| DATASET CONTENT |
_ _ _ _
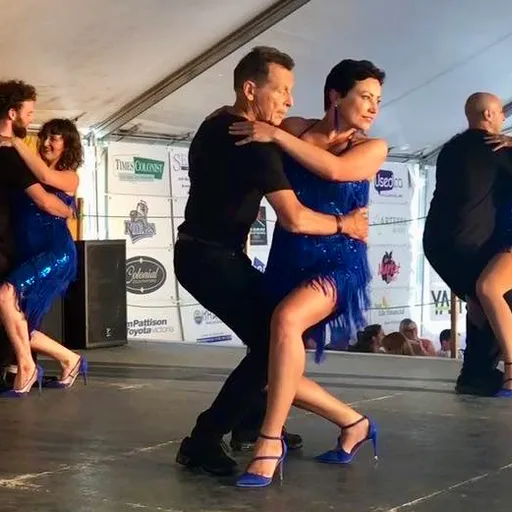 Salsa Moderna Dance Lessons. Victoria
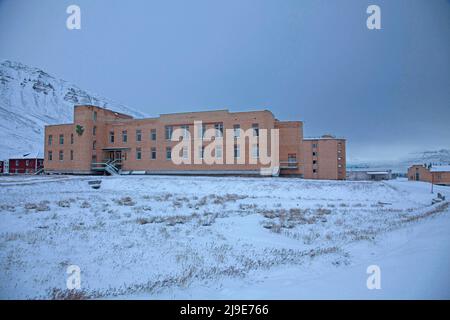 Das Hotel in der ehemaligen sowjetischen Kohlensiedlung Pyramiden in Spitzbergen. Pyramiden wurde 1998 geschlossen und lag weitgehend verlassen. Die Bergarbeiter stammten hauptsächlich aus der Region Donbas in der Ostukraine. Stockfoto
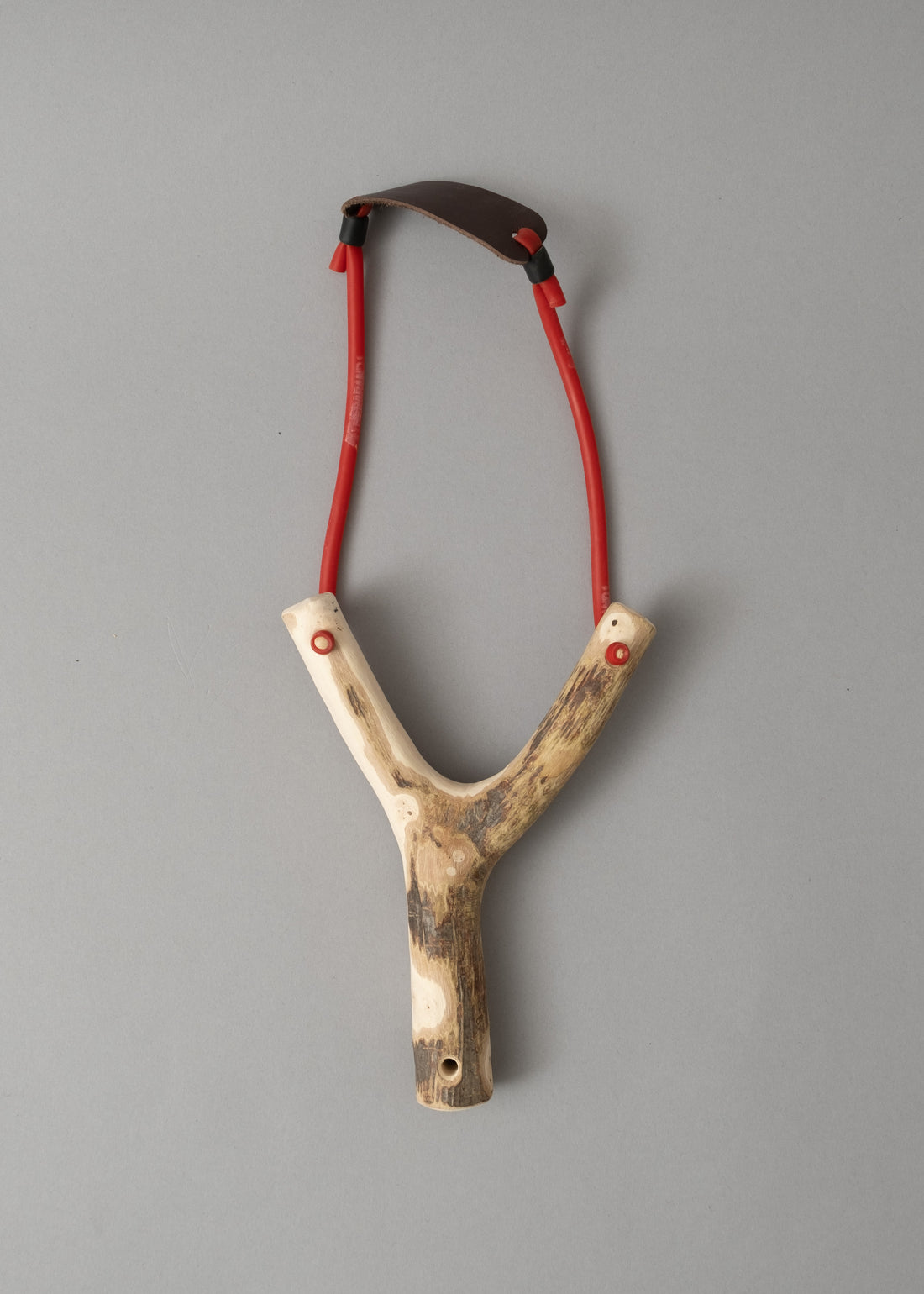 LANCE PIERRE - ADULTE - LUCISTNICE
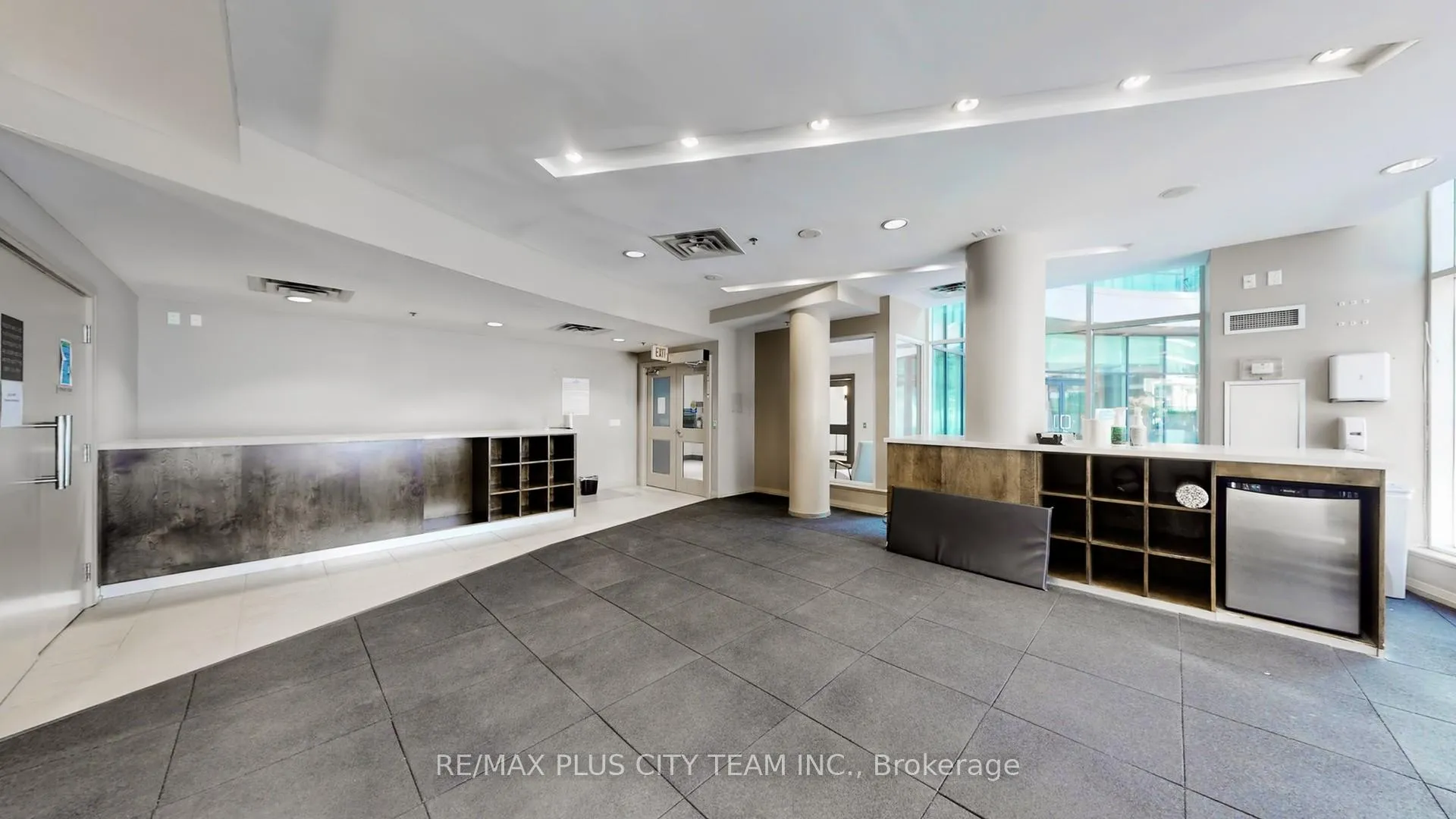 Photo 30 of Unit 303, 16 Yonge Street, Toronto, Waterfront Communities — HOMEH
_ _ _ _
In full and without any pictures, print the listing above exactly.

 Salsa Moderna Dance Lessons. Victoria
 Das Hotel in der ehemaligen sowjetischen Kohlensiedlung Pyramiden in Spitzbergen. Pyramiden wurde 1998 geschlossen und lag weitgehend verlassen. Die Bergarbeiter stammten hauptsächlich aus der Region Donbas in der Ostukraine. Stockfoto
 LANCE PIERRE - ADULTE - LUCISTNICE
 Photo 30 of Unit 303, 16 Yonge Street, Toronto, Waterfront Communities — HOMEH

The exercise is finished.